▶ Exercise inputs:
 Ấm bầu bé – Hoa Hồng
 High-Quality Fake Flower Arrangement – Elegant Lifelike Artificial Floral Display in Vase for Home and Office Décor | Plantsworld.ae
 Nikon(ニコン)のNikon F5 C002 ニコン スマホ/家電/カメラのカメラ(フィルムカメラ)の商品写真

==

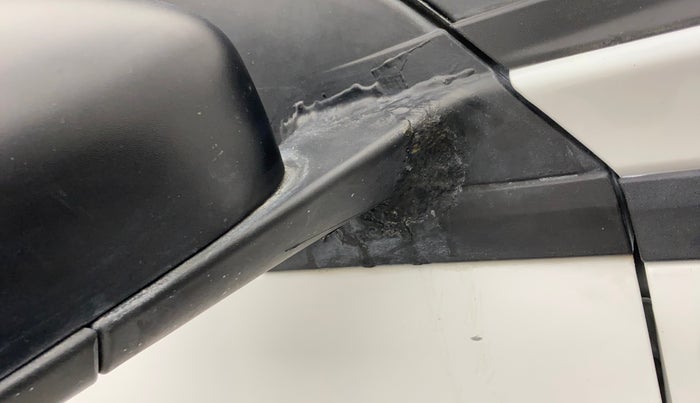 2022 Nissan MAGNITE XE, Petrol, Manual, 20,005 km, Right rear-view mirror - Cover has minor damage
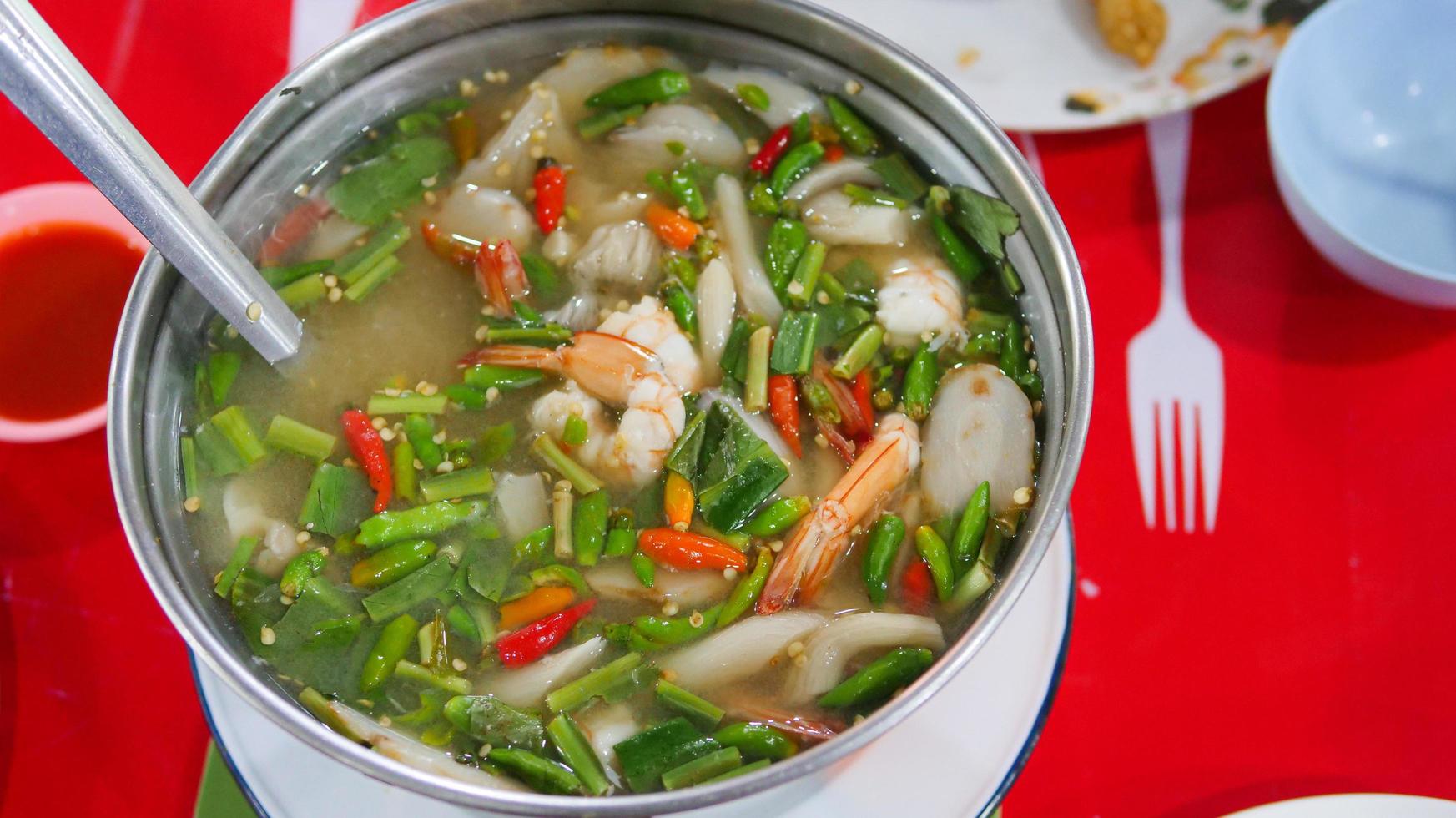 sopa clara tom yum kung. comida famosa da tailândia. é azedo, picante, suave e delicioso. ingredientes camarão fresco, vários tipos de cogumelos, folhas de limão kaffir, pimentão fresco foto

▶ What to do:
Copy out the range of lines above starting at the line with "Ấm bầu bé – Hoa Hồng" and ending at the line with "Nikon(ニコン)のNikon F5 C002", exactly and including both.

▶ Response to the task:
 Ấm bầu bé – Hoa Hồng
 High-Quality Fake Flower Arrangement – Elegant Lifelike Artificial Floral Display in Vase for Home and Office Décor | Plantsworld.ae
 Nikon(ニコン)のNikon F5 C002 ニコン スマホ/家電/カメラのカメラ(フィルムカメラ)の商品写真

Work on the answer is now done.